[Extracted records]
[Start of section]

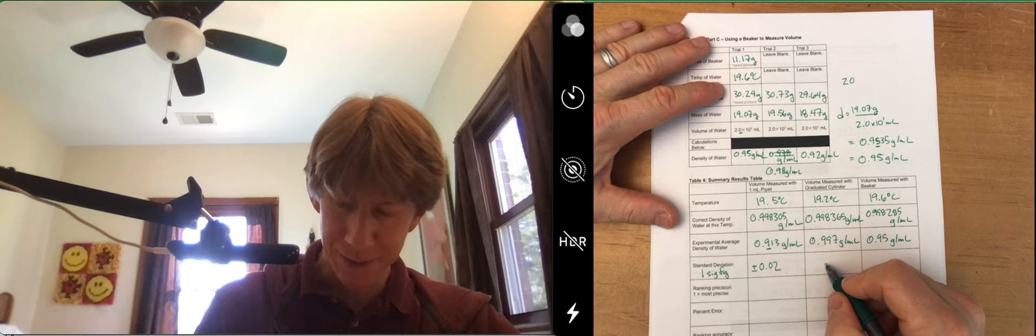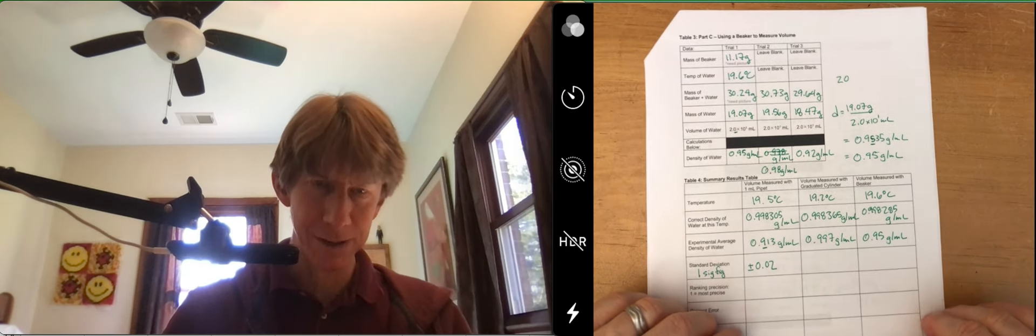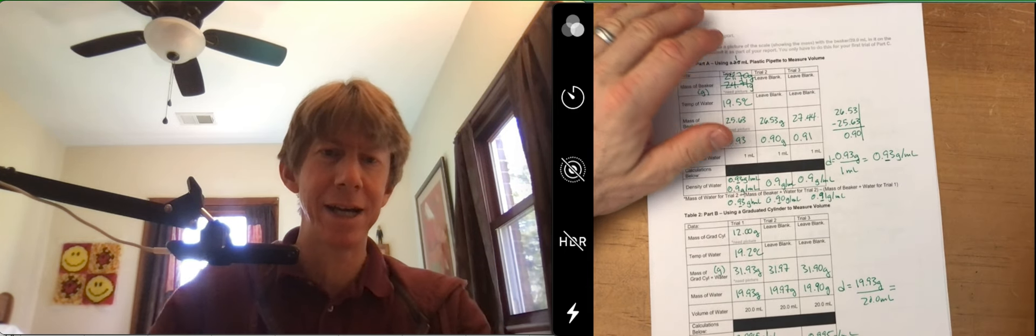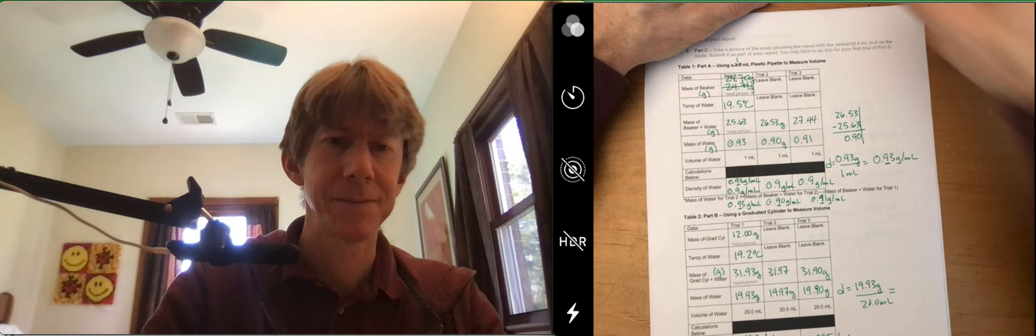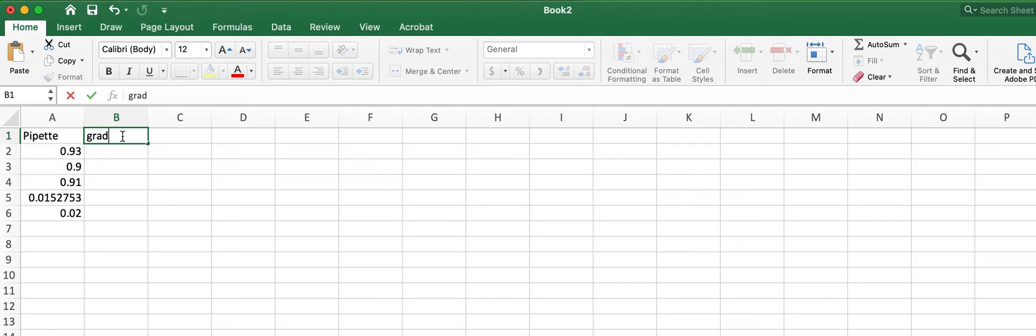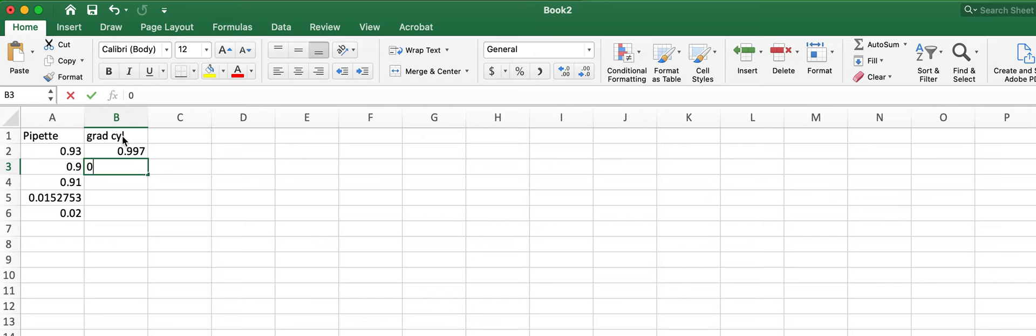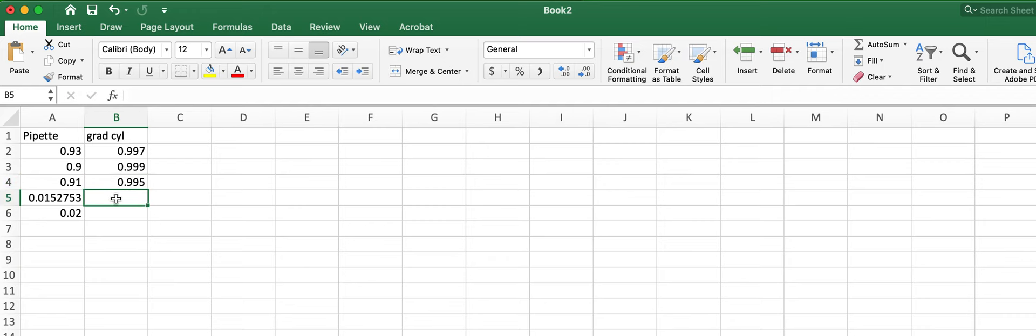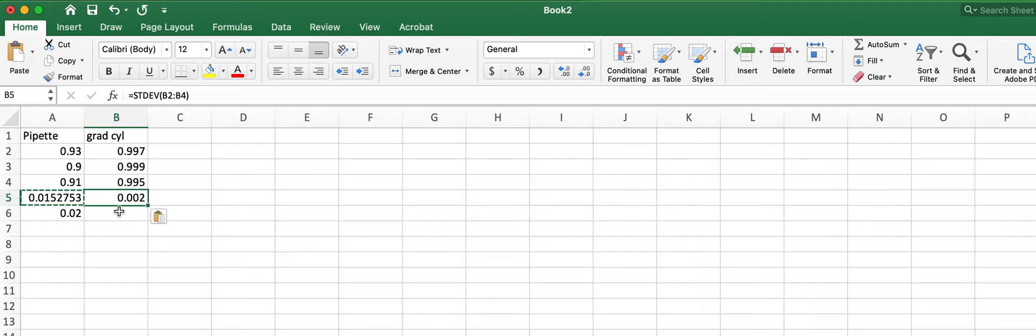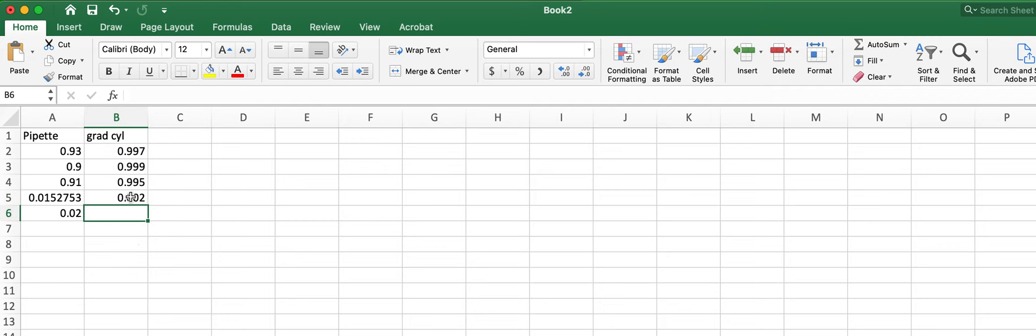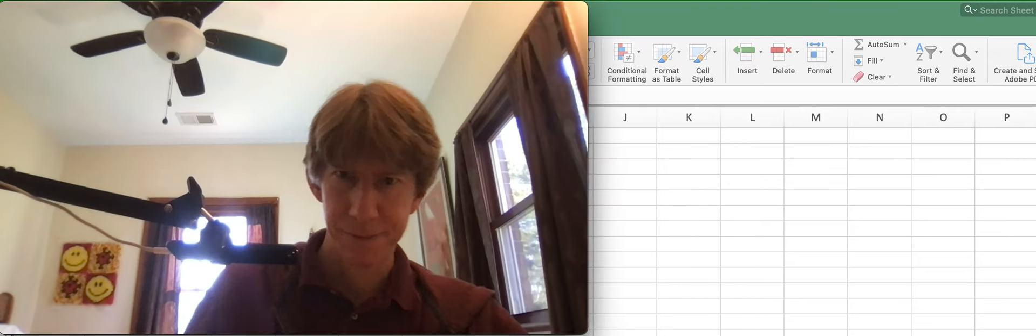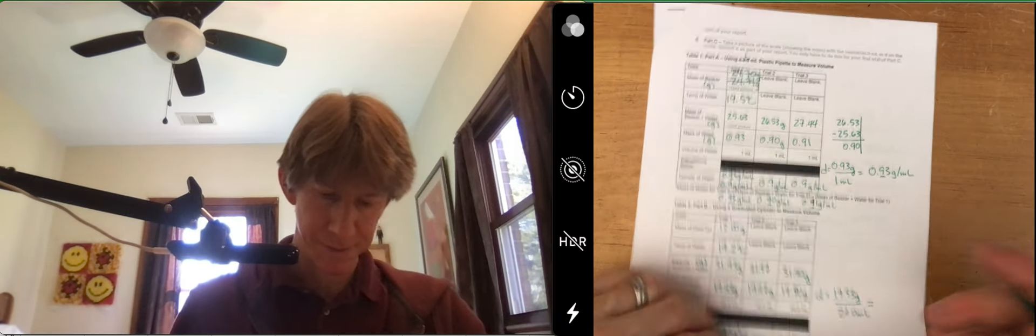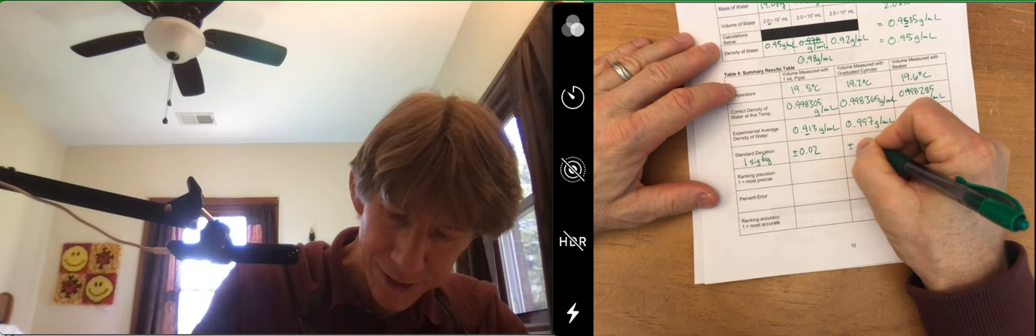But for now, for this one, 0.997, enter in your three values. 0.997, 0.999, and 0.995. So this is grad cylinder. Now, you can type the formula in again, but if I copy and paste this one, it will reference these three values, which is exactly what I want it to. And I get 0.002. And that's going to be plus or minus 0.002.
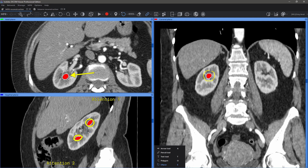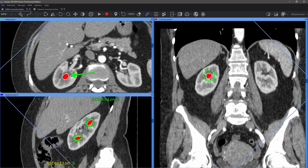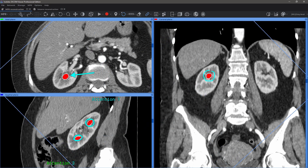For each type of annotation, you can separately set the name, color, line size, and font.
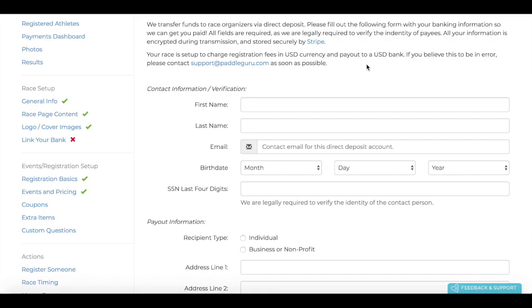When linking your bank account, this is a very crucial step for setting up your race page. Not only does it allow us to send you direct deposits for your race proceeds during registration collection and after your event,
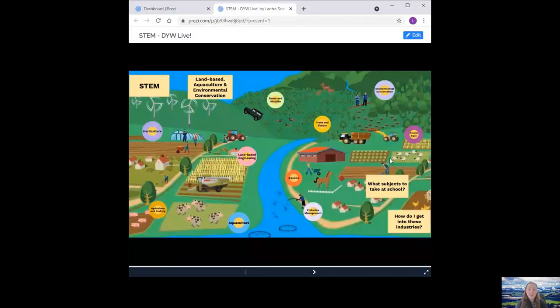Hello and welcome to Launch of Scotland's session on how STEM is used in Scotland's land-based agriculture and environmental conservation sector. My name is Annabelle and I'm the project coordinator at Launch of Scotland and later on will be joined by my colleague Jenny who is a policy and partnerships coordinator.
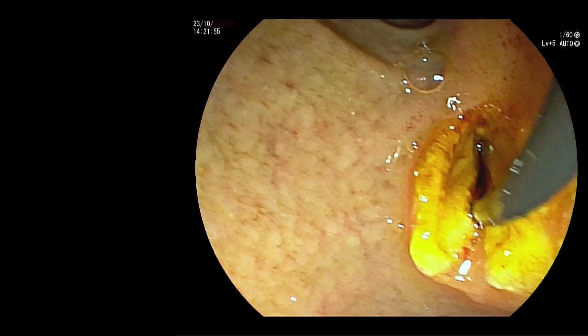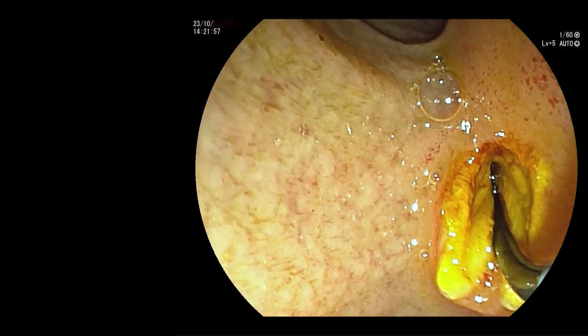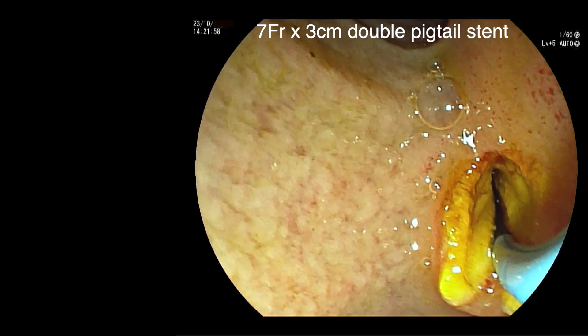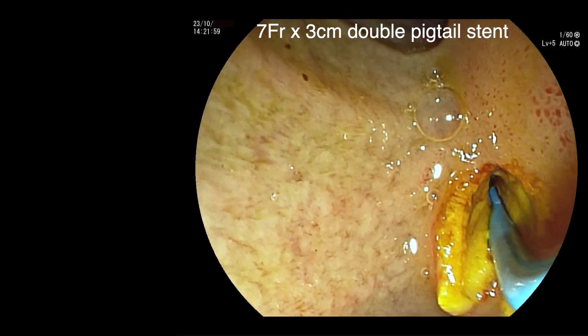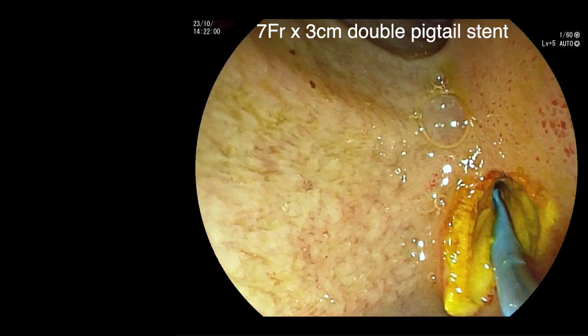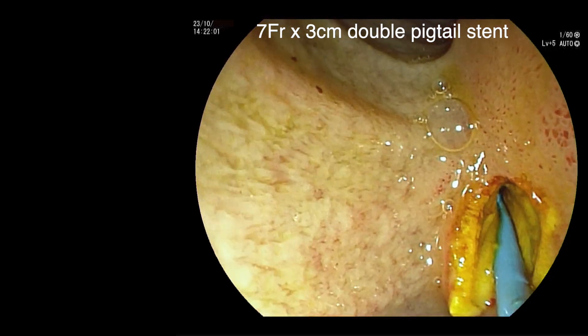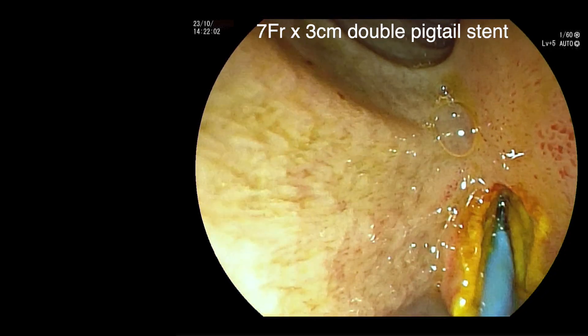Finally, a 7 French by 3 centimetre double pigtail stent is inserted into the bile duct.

[End of section]

[WORK TASK]
There should be an exact restatement of the lines from the line with "When linking your" through the last line of the entries above, and no pictures in it.

[ANSWER]
When linking your bank account, this is a very crucial step for setting up your race page. Not only does it allow us to send you direct deposits for your race proceeds during registration collection and after your event,
Hello and welcome to Launch of Scotland's session on how STEM is used in Scotland's land-based agriculture and environmental conservation sector. My name is Annabelle and I'm the project coordinator at Launch of Scotland and later on will be joined by my colleague Jenny who is a policy and partnerships coordinator.
Finally, a 7 French by 3 centimetre double pigtail stent is inserted into the bile duct.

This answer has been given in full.